Isto teve consequências e as primeiras prisões foram efetuadas, segundo expediente assinado pelos delegados dr. Affonso Celso de Paula Lima, da Regional de Botucatu, e o dr. Victor Brenneisen, de Santa Cruz do Rio Pardo:
— “Já foi concedida a prisão preventiva de Evaristo Ferreira Sousa, autor da morte de Antonio Andrade; de João Fleury, autor da morte de João Paulo Garcia; de Aristides Rodrigues Silva e João Machado Silva, autores da morte de João Cunha; e de Cyrillo Antonio Rocha, autor dos ferimentos graves em Armando Alves Lara. Foi negada a prisão preventiva de Antonio Evangelista da Silva, [também as de] Durvalino Oliveira Silva e Gustavo Antonio Silva, continuando o inquerito regulamentar.” (Correio Paulistano, 07/05/1922: 3).
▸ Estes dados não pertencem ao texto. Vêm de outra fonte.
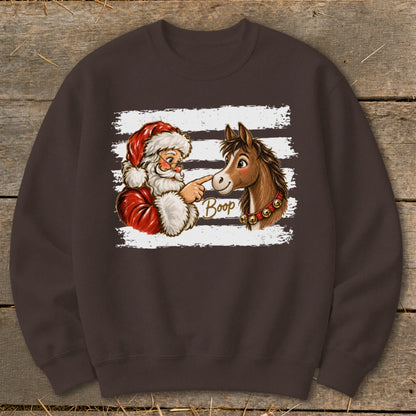 Santa boops a horse on the nose with the word "Boop" on a brown sweatshirt.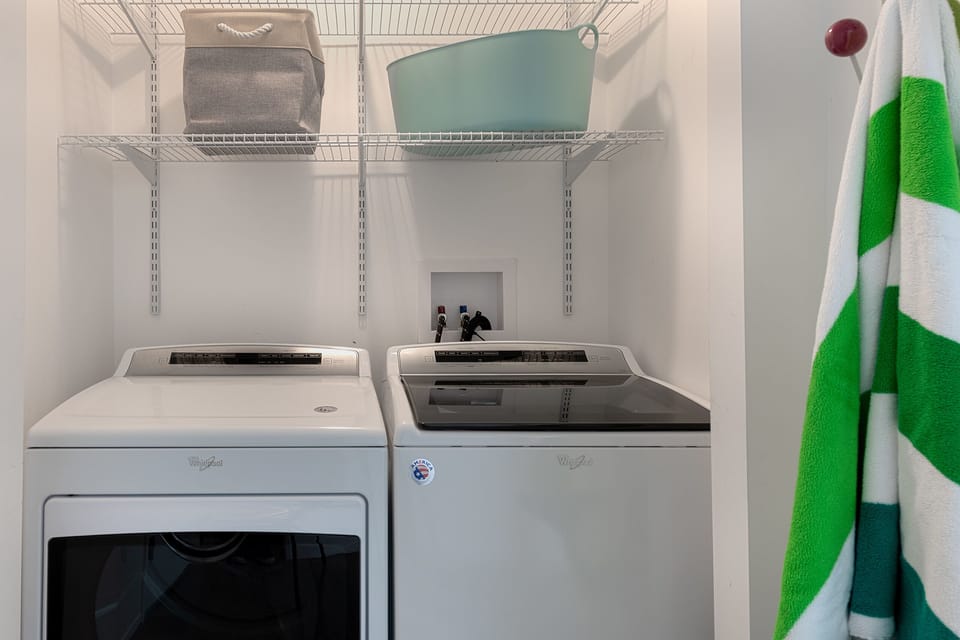 Full size Whirlpool washer and dryer in dedicated laundry area near kitchen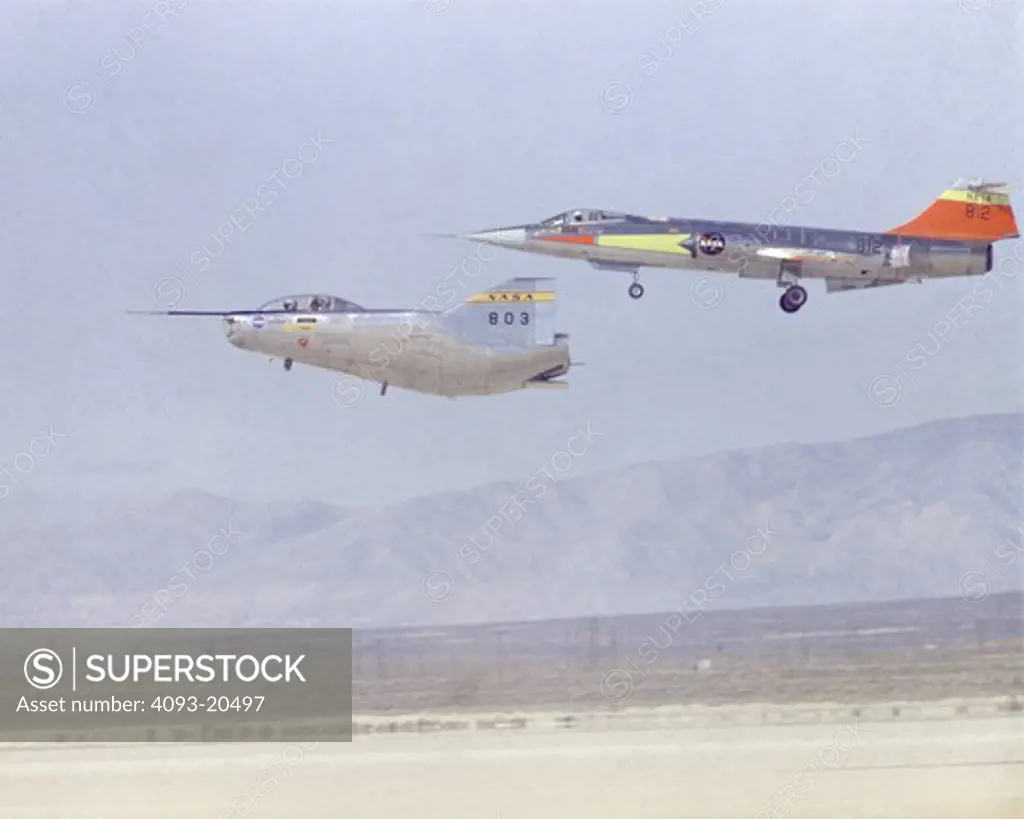 The Northrup M2-F2 lifting body returns from a research flight at the NASA Dryden Flight Research Center  Edwards  California  with a Lockheed F-104 flying chase. Landing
Também presos Rachid de Queiroz, José Rachid de Queiroz, Gustavo Antonio da Silva, Chrystalino Rodrigues da Silva e Arlindo de Castro Carvalho, e outros nomes nomes seriam acrescidos ao rol de acusados, todos julgados e absolvidos a 10 de outubro de 1925, com apelação da promotoria para o Supremo Tribunal Federal – STF, decidindo-se por novo julgamento ocorrido em 24 e 25 de novembro de 1927, sendo os réus absolvidos no crime comum, porém condenados por cometimento de crime político, cabendo a Evaristo Ferreira de Souza, Chrystalino Rodrigues da Silva, Rachid Queiroz, João Fleury, João Machado e Aristides Rodrigues da Silva, pena de quatro anos de prisão cada, e aos réus Arlindo de Castro Carvalho, Gustavo Antonio da Silva e José Rachid Queiroz, dois anos e seis meses (Diario Nacional, São Paulo, 26/11/1927: 2).
— Nova apelação, agora dos condenados por crimes políticos, então de novo julgados, absolvidos e soltos, conforme sessão de 21/07/1928 (Diario Nacional, 22/07/1928: 4).
A 08 de julho de 1922, novo atentado contra o coronel Tonico Lista, desta vez fatal.